Efficiency 360: Efficient Vision Transformers
This work addresses efficiency challenges in vision transformers for industrial applications, but it appears incremental as it primarily reviews and categorizes existing methods without introducing new techniques.
The paper tackles the efficiency of vision transformers for image classification by introducing the Efficiency 360 framework, which categorizes efficiency aspects like privacy and robustness, and compares models based on performance, parameters, and FLOPs across datasets, though no specific numerical results are provided.

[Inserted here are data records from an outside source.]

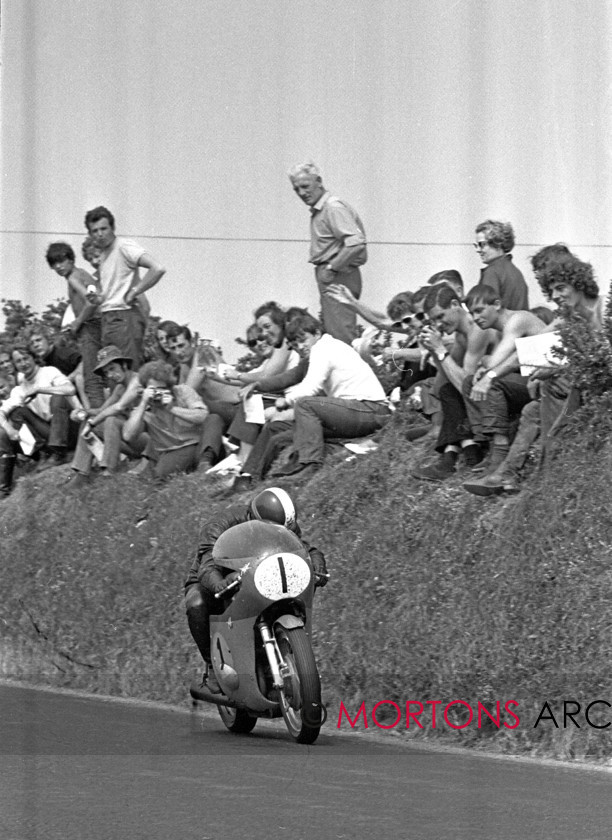 1970 Senior TT 004 
 1970 Senior TT 004 Giacomo Agostini (499cc MV3) 
 Keywords: 1970, Action, Black and white, Isle of Man, Mortons Archive, Mortons Media Group Ltd, Nick Nicholls, Road racing, Senior, TT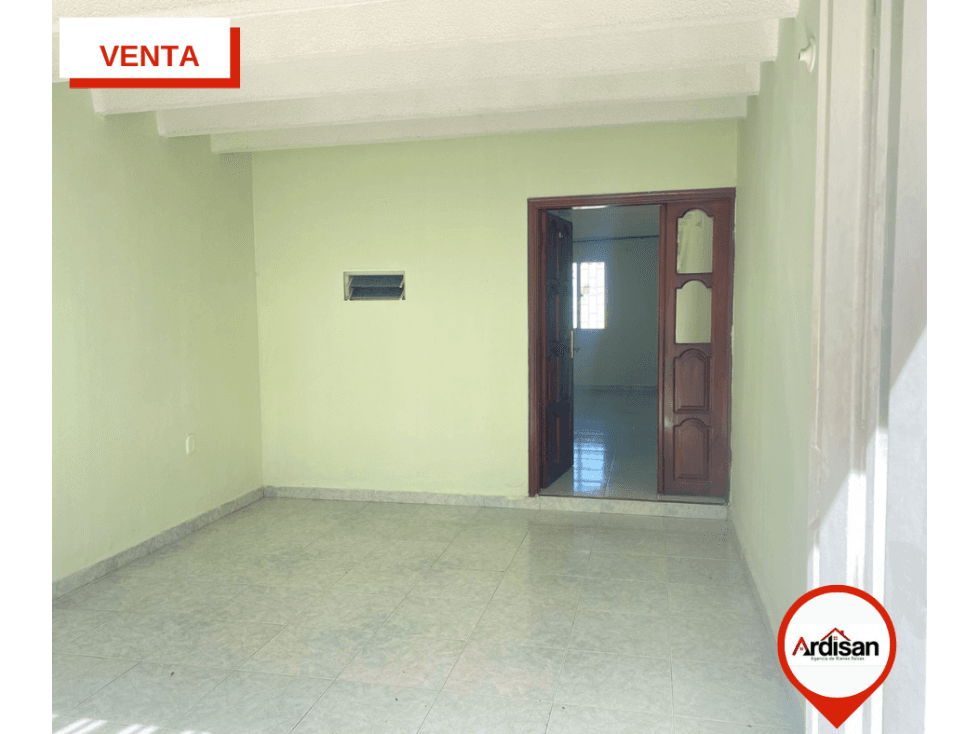 CASA TRADICIONAL DE DOS PISOS CENTRAL - 1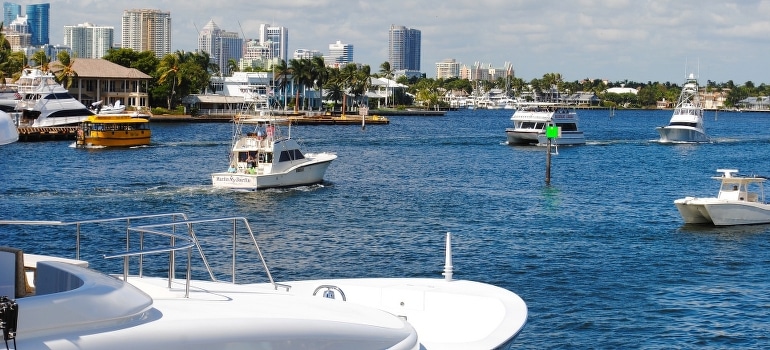 Boats on the water in some of the best places to live near Fort Lauderdale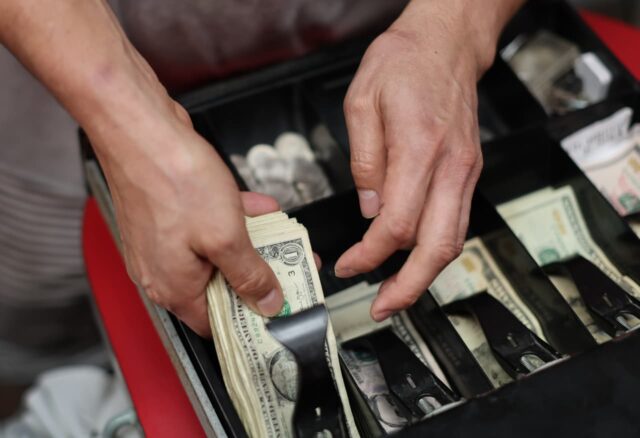 La guerra en Irán no ha desacelerado la economía, pero la mayor inflación está llevando a las empresas a congelar la contratación.

 | 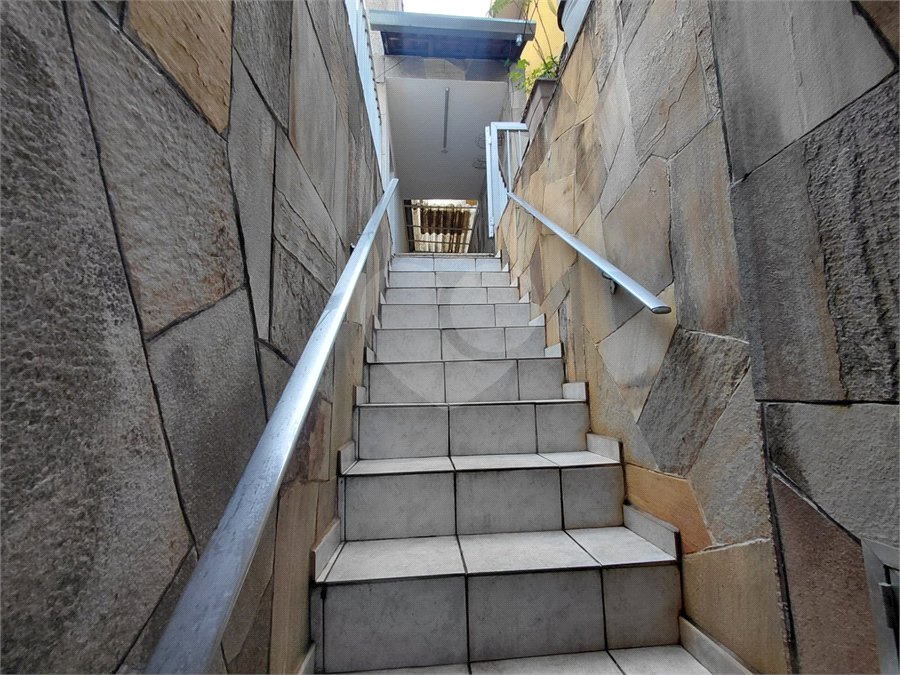 Sobrado à venda com 3 quartos em Vila Romana, São Paulo, SP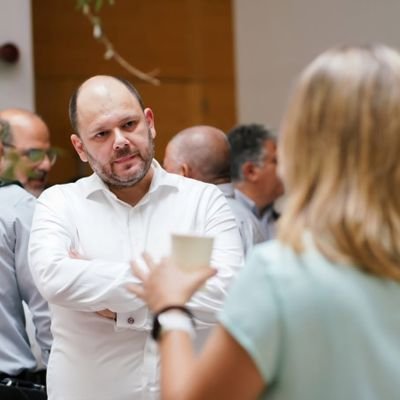 ½Greek ½Cypriot in France / Husband & father / EU Projects Manager @NimesMetropole🇫🇷 & @SEMEDFIRE🔥 / Road Safety researcher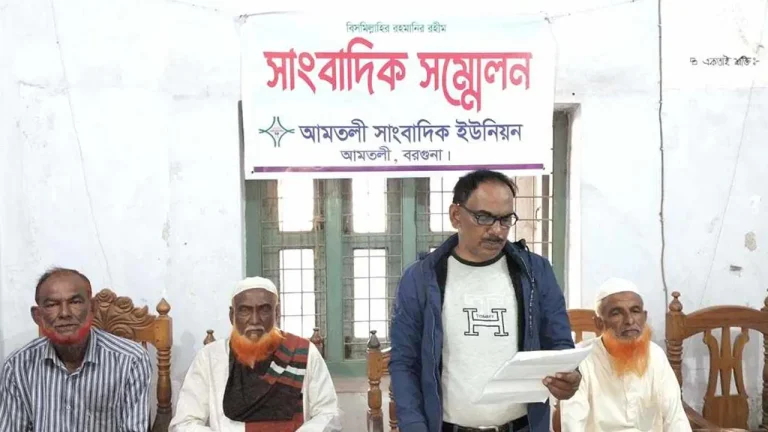 বরগুনায় শিক্ষকের ধান কেটে নিলেন বিএনপি নেতা
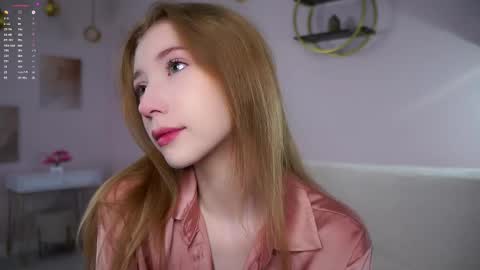 Snapshot of sunnmoonn chatting on September 25, 1:37 pm Lily online show from September 25, 1:37 pm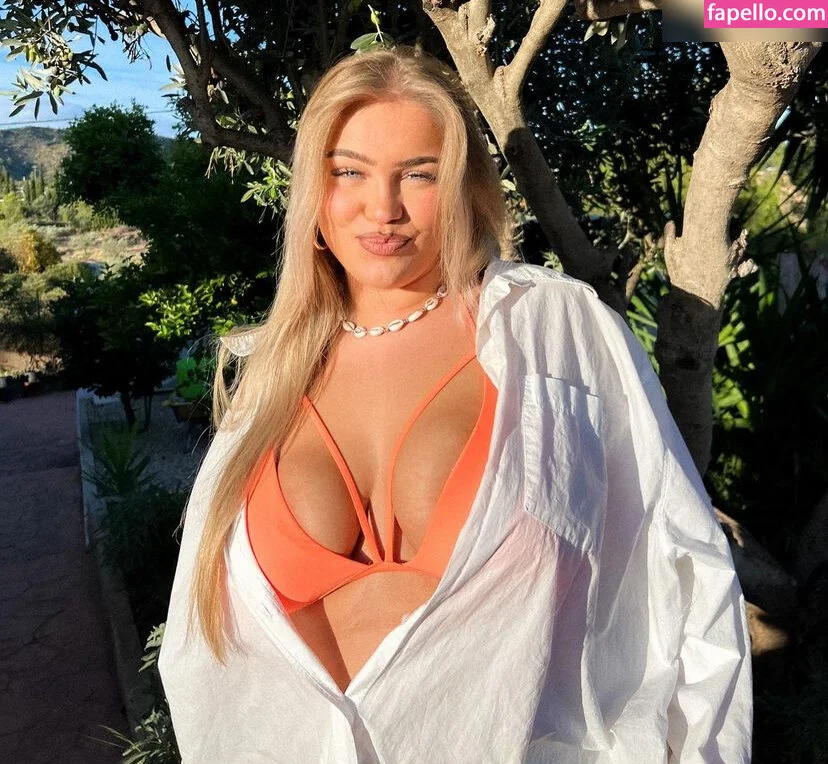 Lusandraa Nude Onlyfans Photo 5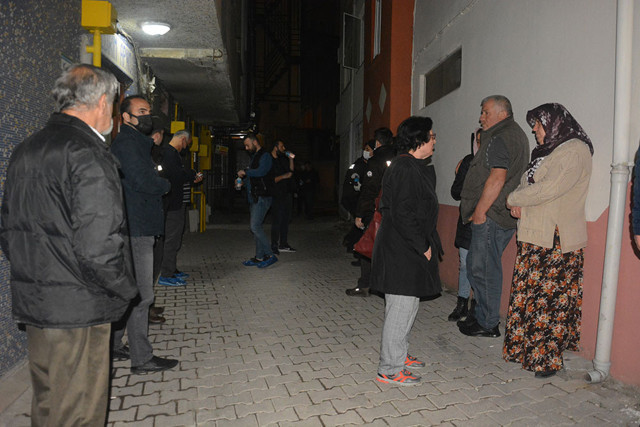 Ordu'da korkunç kadın cinayeti! İki çocuk annesi kadın evinde battaniyeye sarılı halde ölü bulundu - Resim: 0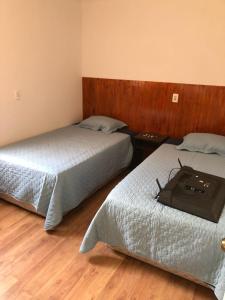 a bedroom with two beds and a desk at casa para empresa o vacaciones in Iquique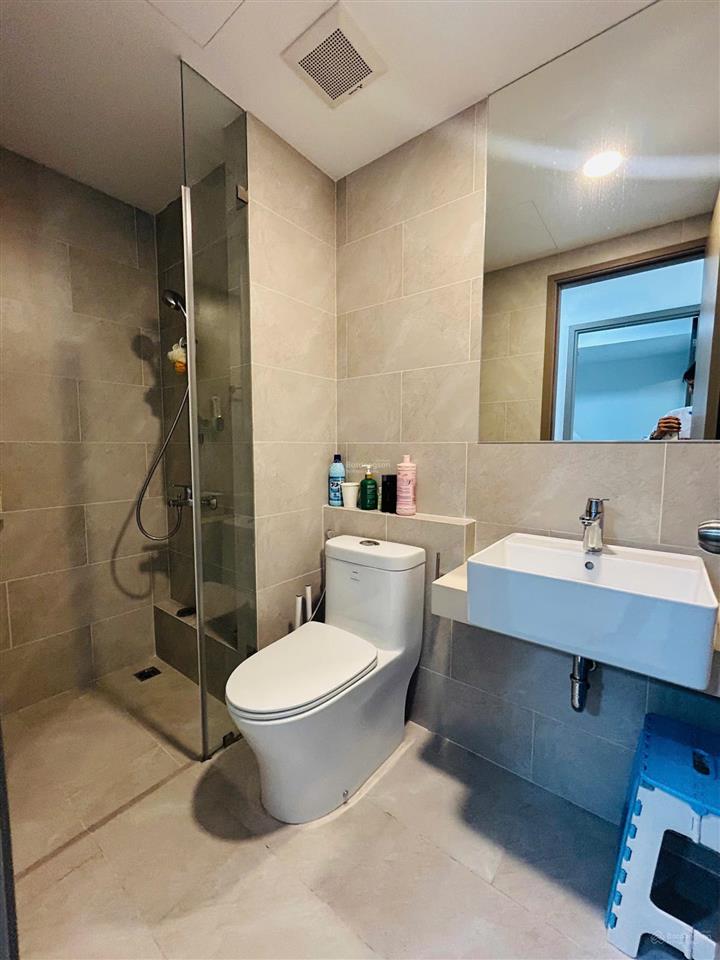 Chuyển nhượng căn hộ 59m2  2pn 2wc view hồ bơi giá 2.7 tỷ  có sổ sẵn  hỗ trợ vay bank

Transformers are widely used for solving tasks in natural language processing, computer vision, speech, and music domains. In this paper, we talk about the efficiency of transformers in terms of memory (the number of parameters), computation cost (number of floating points operations), and performance of models, including accuracy, the robustness of the model, and fair \& bias-free features. We mainly discuss the vision transformer for the image classification task. Our contribution is to introduce an efficient 360 framework, which includes various aspects of the vision transformer, to make it more efficient for industrial applications. By considering those applications, we categorize them into multiple dimensions such as privacy, robustness, transparency, fairness, inclusiveness, continual learning, probabilistic models, approximation, computational complexity, and spectral complexity. We compare various vision transformer models based on their performance, the number of parameters, and the number of floating point operations (FLOPs) on multiple datasets.